Beijing is organising a delegation of Chinese companies that have plans to build metals plants in Indonesia, in a first sign the government may be concerned over ore supplies because of the Southeast Asian country's mineral ore export ban.
China's Ministry of Commerce is planning the trip to visit Indonesian government officials to seek clear policies for planned and potential China-led investments, though the timing of the visit has not been decided, industry sources said.
The plan for the trip was revealed in a meeting between companies and government officials last week in Beijing, said two industry sources with direct knowledge of the discussions.
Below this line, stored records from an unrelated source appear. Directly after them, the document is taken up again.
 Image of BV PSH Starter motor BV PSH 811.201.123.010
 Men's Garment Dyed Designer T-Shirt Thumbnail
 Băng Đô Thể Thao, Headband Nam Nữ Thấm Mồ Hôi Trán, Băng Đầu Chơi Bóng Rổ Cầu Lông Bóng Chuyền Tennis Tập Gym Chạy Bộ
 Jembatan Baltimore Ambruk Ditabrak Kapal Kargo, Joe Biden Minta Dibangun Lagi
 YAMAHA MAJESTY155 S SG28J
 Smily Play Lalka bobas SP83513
They declined to be named because the meeting was private.
Companies in the meeting had asked Beijing to provide support in financing, information on investment conditions after finding it difficult to raise funds for their projects, and help in predicting policies in Indonesia, the sources said.
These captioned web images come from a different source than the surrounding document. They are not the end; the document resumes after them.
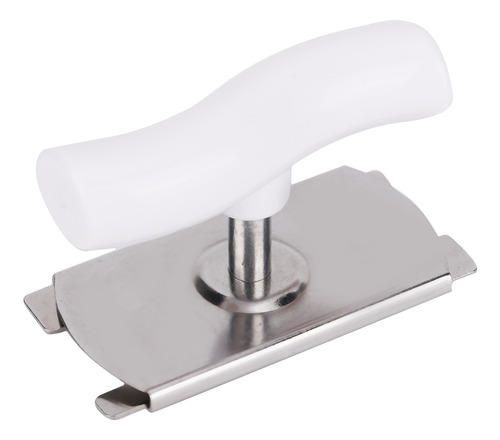Abridor De Tarros De Botellas Manual Ajustable
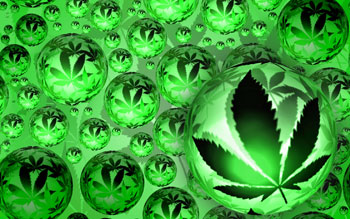 Cannabis, Intergruppo per la legalizzazione 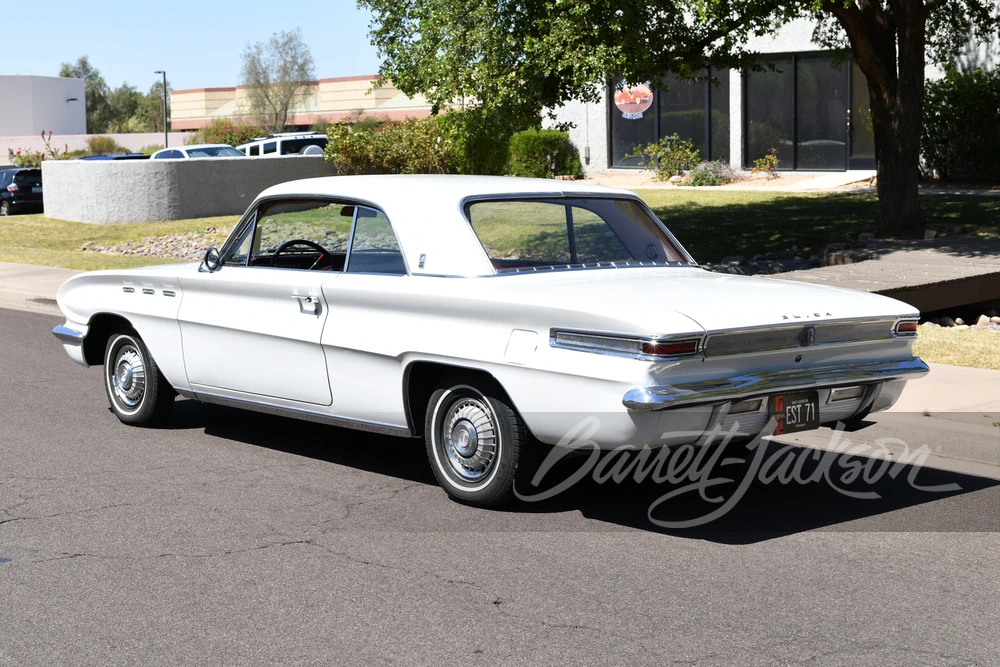 1962 Buick Skylark 1st-2nd Gen - Image 21 of 22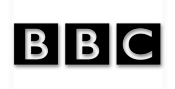 Image of BBC logo.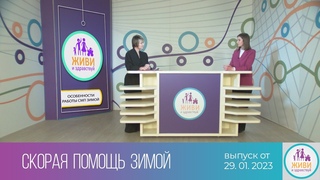 Живи и здравствуй ()
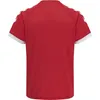 HUMMEL hmlCORE VOLLEY TEE TRUE RED TRUE RED XL Produktbild-Vorschau 8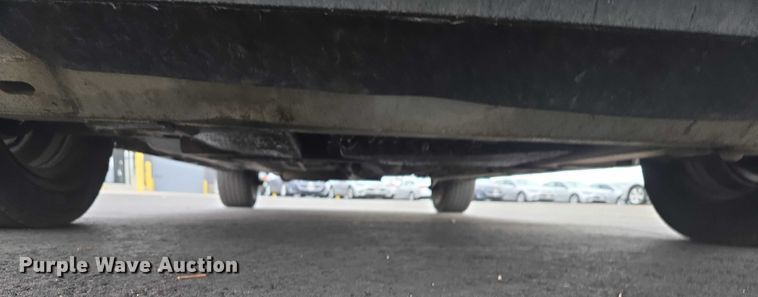 image for item ES2517 2007 Chevrolet Impala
At the meeting were executives from some thirteen metals companies planning to build ferro-nickel production plants or alumina refineries, along with officials from the Ministry of Commerce, the National Development and Reform Commission and the Ministry of Foreign Affairs, the sources said.
Indonesia was China's top supplier of nickel ores and bauxite, or aluminium ores, in 2013.
Beijing, encouraging big Chinese companies to invest in overseas projects while trying to ease overcapacity in the domestic metals industries, wants to use the Indonesian ban to cut local capacity for nickel pig iron, said one of the sources.
"(The government) expects that the Indonesian ban would help consolidate China's ferro-nickel sector," the source said.
The ban would push up ore prices, forcing ill-financed, small producers to close, the source said.
Indonesian nickel ores are typically used to produce nickel pig iron, a low-grade ferro-nickel in China.
Chinese firms stepped up plans to build plants in Indonesia to produce nickel pig iron after Jakarta banned mineral ore exports in January; firms were more cautious about building alumina refineries due to the size of investment.
China has annual capacity to produce more than one million tonnes of nickel in nickel pig iron. Actual output, though, was less than half a million tonnes of nickel in 2013, according to information provider SMM.